Beach Boys vs. Cars = Victory to the Beach Boys by a TKO (if you're wondering)...

seeing them with Brian Wilson in Chicago in May

MountainManZach 9:26 AM  

I was stymied for a while when I plunked in cORmoraNtQUILLS. Seemed reasonable, albeit unwieldy.

Tobias Duncan 9:29 AM  

Living a mile or so from a reservation I can tell you that no one ever calls themselves an Amerindian(wow that made it past spellcheck!).

I will take The Monkeys over THECARS any day of the week.I wrote a tribute song a few years ago with some friends called "Everybody's Mother Loves Neil Diamond" that included the line"hey hey , he even wrote for the Monkeys"

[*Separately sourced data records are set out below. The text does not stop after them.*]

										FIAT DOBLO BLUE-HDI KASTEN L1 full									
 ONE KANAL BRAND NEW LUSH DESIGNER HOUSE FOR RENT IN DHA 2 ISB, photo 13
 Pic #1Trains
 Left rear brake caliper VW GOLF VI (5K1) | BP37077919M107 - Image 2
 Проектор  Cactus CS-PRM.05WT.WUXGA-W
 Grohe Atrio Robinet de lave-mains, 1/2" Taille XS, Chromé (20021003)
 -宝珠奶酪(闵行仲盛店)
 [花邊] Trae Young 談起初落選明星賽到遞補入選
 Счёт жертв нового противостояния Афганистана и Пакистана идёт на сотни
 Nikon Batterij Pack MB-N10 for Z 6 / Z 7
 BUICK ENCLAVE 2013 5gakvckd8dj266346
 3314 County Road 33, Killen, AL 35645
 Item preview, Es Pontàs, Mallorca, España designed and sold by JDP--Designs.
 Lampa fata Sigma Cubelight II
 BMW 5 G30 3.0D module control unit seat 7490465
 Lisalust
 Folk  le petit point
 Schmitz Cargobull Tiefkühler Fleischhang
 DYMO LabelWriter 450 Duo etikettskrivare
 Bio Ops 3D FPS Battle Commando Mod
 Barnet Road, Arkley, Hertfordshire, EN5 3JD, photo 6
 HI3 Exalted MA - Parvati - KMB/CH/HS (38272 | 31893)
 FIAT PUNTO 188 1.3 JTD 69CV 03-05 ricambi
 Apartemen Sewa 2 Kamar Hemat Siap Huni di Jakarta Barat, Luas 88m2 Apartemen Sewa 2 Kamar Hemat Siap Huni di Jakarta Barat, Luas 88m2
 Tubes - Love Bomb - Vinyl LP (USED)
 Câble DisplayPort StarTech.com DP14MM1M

This MEADOWLARK seems to be a huge nobody. Can anyone vouch for him? I am assuming its Don Julian who does not even have a photo on his scanty wikipedia page.

Thanks for all the support/advice/sympathy/ and links both funny and sappy( I am a sucker for those) yesterday.
I still have a Weimaraner to help assuage the pain.He has no idea why is getting so much attention.

evil doug 9:34 AM  
This comment has been removed by the author.
orangeblossomspecial 9:35 AM  

Couldn't get the NE corner because I inserted granolA early and couldn't get rid of it.

There's another song embedded in the puzzle. Mel Blanc recorded "I taut I TAW a puddy tat" (48A) in the 1940s.

evil doug 9:41 AM  

If you love us so much, how come you can't spell our name?

The Monkees (except Davy Jones)

Tobias Duncan 9:48 AM  

Rex totally got me with that Valli pic.I actually believed there was a little known crooner called the MEADOWLARK.I am going back to bed.
I should admit that I did a bit of drinking last night with the guys...

Bob Kerfuffle 9:54 AM  

A little learning is a dangerous thing . . . or at least, a little almost learning . . . Working off the "I" from MICA, I confidently threw in IDEOMENO at 2 D. Took a while to get to IDOMENEO.

Confining my write-overs to a single column, below that, working off the OLI, I tried to put TRIPOLI at 46 D, until I ran out of space and had to change to TIVOLI (which I have visited once, but didn't remember the Temple of Vesta.)

JayWalker 9:58 AM  

Am I the only one who wonders where Mr. Atkinson got "I, Asimov" as a 1994 Hugo winner? My Google definition shows 1995 as the year this memoir won the award. I had to look this one up because so much of this puzzle - well - puzzled me. "Easy-Medium"??? Not by count!!

Tita 10:02 AM  

Also think "I Asimov" is about as great a title as is "Lou's on First".

Anonymous 10:22 AM  

Got GIRLS first, and after checking the "demographic" clue, first thought of FAT BOTTOM.

Right idea, wrong decade.

Jim 10:25 AM  

Everything boxed in by 23 and 25 down and above MONKEES and THECARS went through so many permutations, it took half my time easily.

Ended up boiling the east-side problem down to being willing to accept COZEN, which I did...on the western half of this box, I was much less fortunate.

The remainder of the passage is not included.